- WHAT IS NEEDED
There are pictures in the records below; leave them out and set down exactly the lines from the one holding "GaussView includes a" through the one holding "This video will".

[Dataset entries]
__________________________________________________
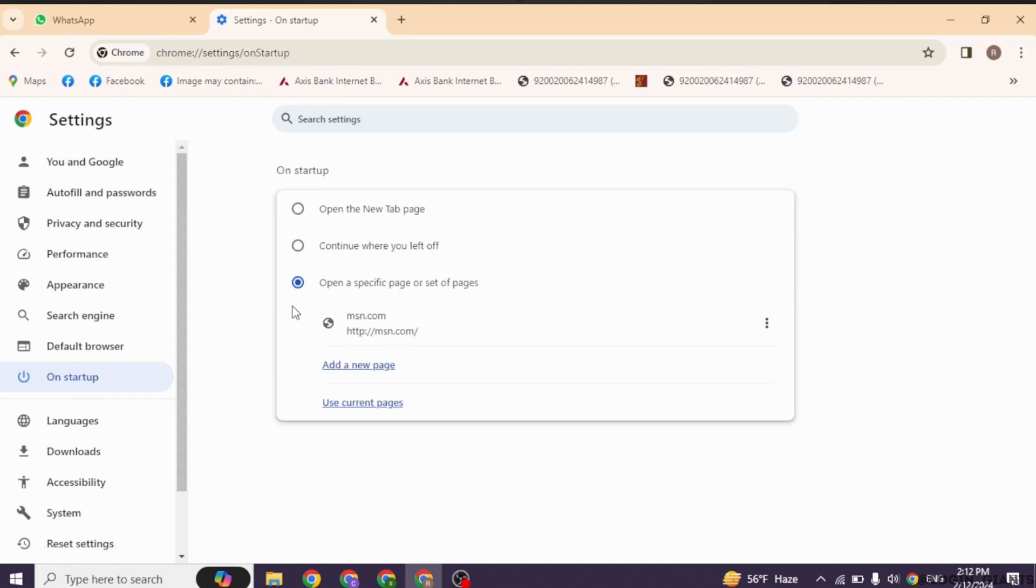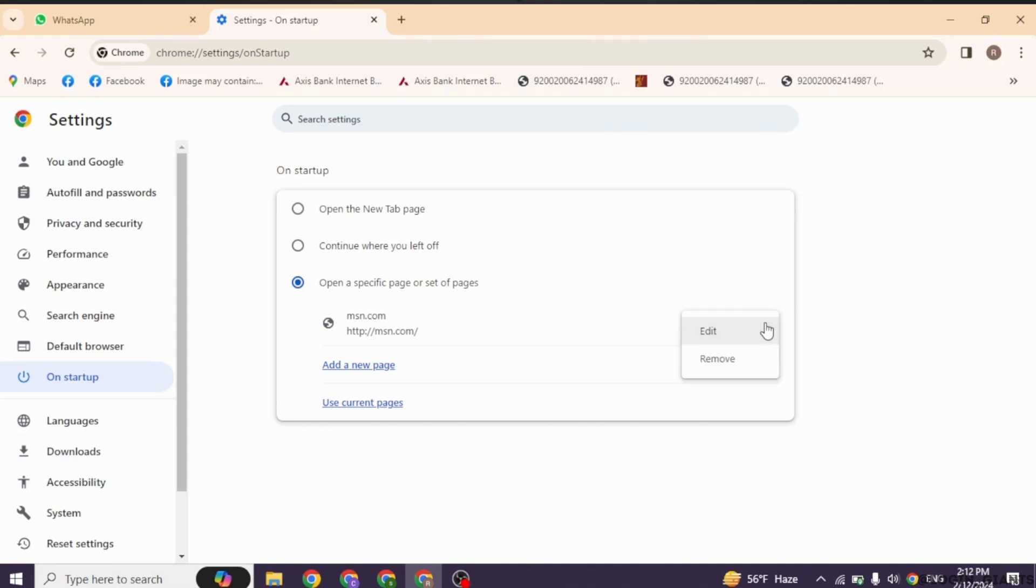Under open a specific page or set of pages, you will be able to find the option of msn.com. At the right corner of msn.com, you'll find three dots. You have to click on it. With that, you will get the option of edit or remove. Click on the option of remove.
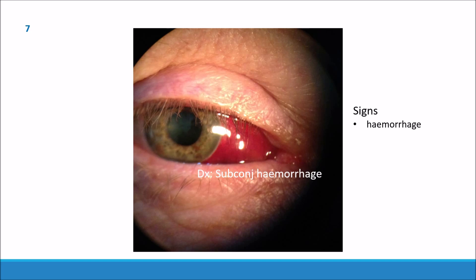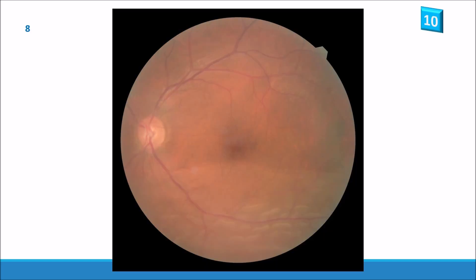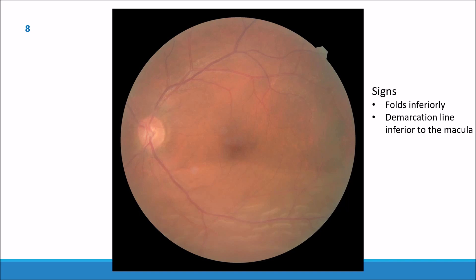And here's slide eight. Here we have folds and wrinkles inferiorly and they clear the demarcation line just below the macula. This patient has an inferior retinal detachment.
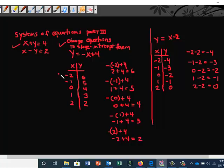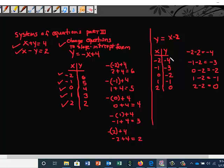Each of these x and y values become ordered pairs. The same goes for x minus y is equal to two — we change that to slope-intercept form: y is equal to x minus two. Then we plug in the same arbitrary values for x and get our values for y. So these are your ordered pair setups. You can pause the video to copy this down for your notes. Now we're going to graph the ordered pairs and show you how the lines will intersect to get our solution.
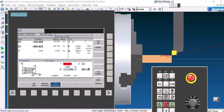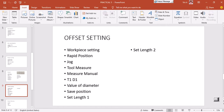For length two, you need to tell the machine the length of your workpiece. Make sure it is T1 and D1, then press Set Length 2. Once you press Set Length 2, your offset parameter setting is complete. To summarize: Workpiece Setting → Rapid Position → Jog mode → Tool Measure → Measure Manual → T1 D1 → enter diameter value → Set Length 1 → Set Length 2. Offset setting is now done.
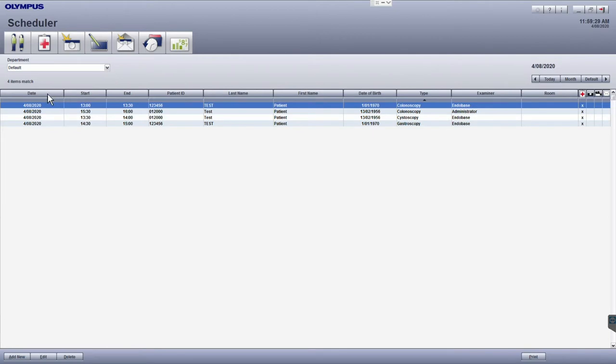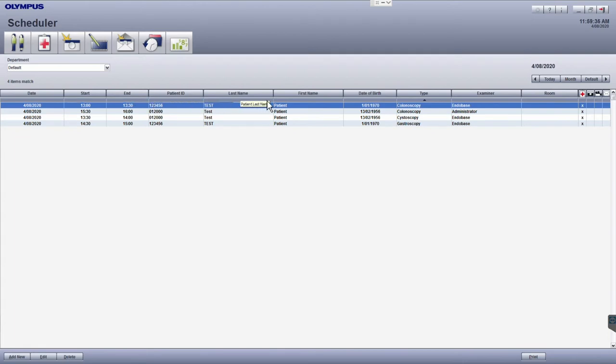Moving down we have our column headers which sort the information for your procedure or examination list. By clicking on a column header you will be able to set a filter for that column so the column header becomes highlighted in blue.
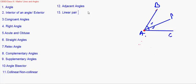Linear pair of angles: when the sum of two adjacent angles is 180 degrees, they are said to be a linear pair of angles. It is best to remember a linear pair as adjacent angles whose sum is 180 degrees, with non-common arms on either side.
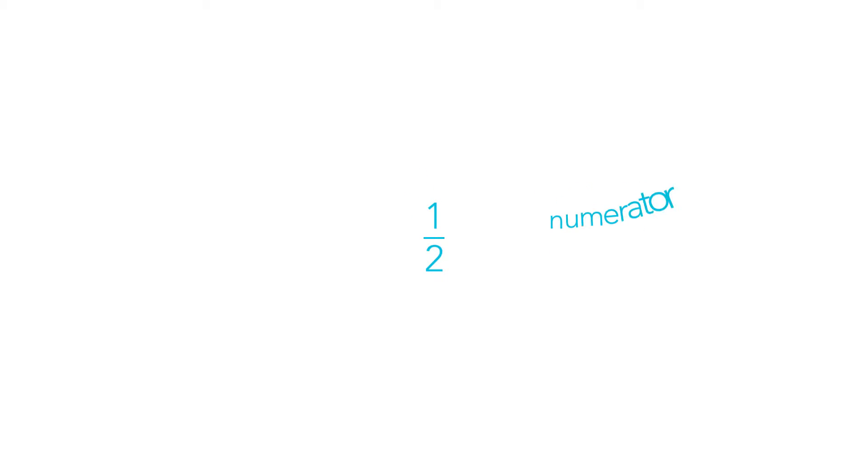Let's start with an easier one and see if we can convert 1 over 2 into a decimal and then a percentage. So let's start off with a half. The numerator is the number at the top and the denominator is the number at the bottom. By knowing which is which, I can convert this into a decimal.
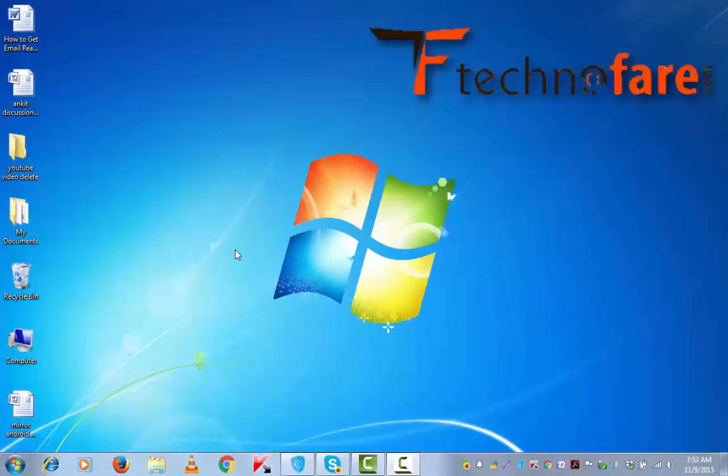Hi, this is Harish Bali from technofair.com. In this tutorial, I'm going to share two methods to mirror your Android device on PC. Let's start with the first.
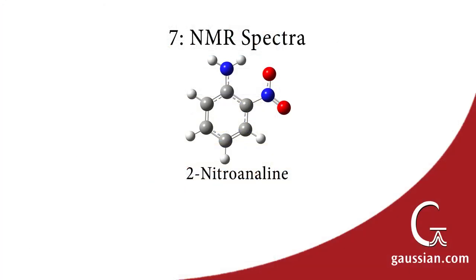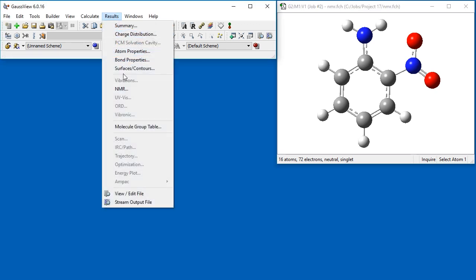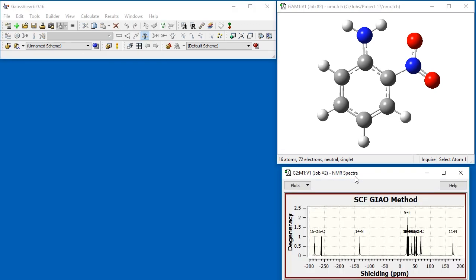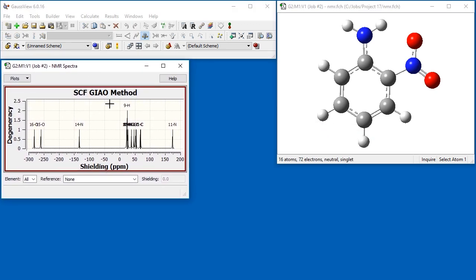GaussView includes a full-featured facility for examining the results of NMR calculations. We will demonstrate them for 2-nitroaniline. We've already opened the checkpoint file from the NMR calculation. Selecting NMR from the Results menu opens the NMR spectrum.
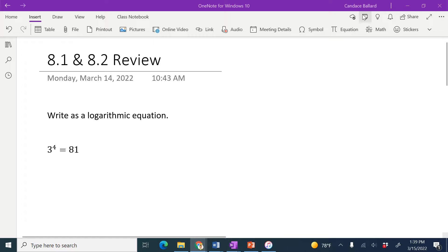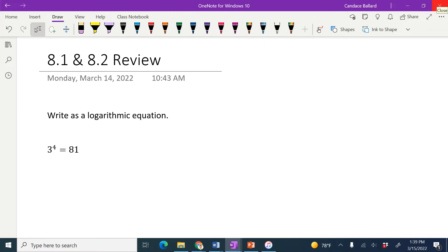In this video, we're going to write this exponential as a logarithmic equation. So to do that, we have to use the log loop.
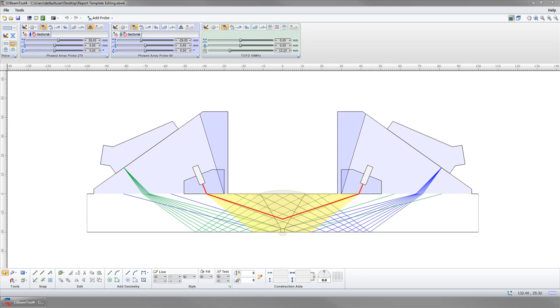This video will show how to edit report templates. I've added a couple of phased array probes and a pair of TOF probes to the workspace for this demonstration.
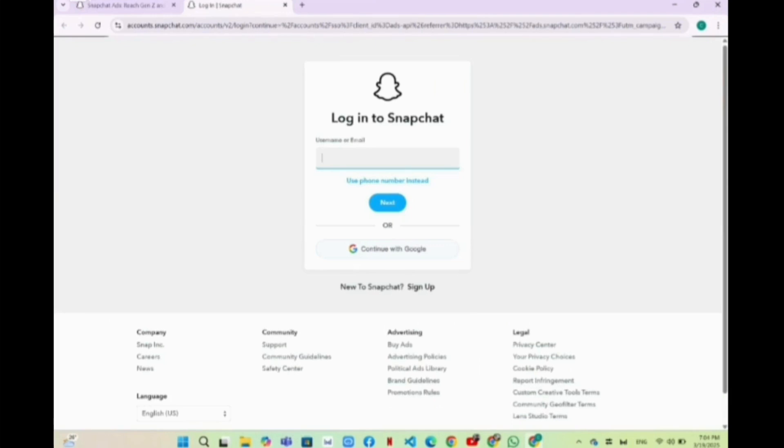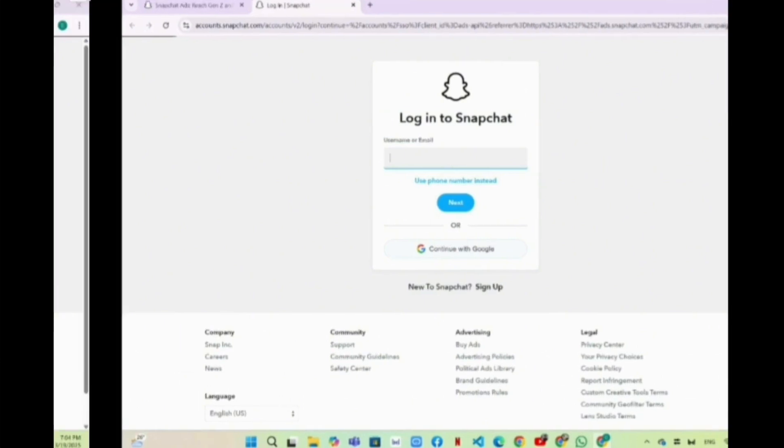In the login section, it is very simple to create your Snapchat account with your Google ID. You have to click on this option 'Continue with Google', so simply you have to click on that.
__________________________________________________
- ANSWER SPACE
GaussView includes a full-featured facility for examining the results of NMR calculations. We will demonstrate them for 2-nitroaniline. We've already opened the checkpoint file from the NMR calculation. Selecting NMR from the Results menu opens the NMR spectrum.
In this video, we're going to write this exponential as a logarithmic equation. So to do that, we have to use the log loop.
This video will show how to edit report templates. I've added a couple of phased array probes and a pair of TOF probes to the workspace for this demonstration.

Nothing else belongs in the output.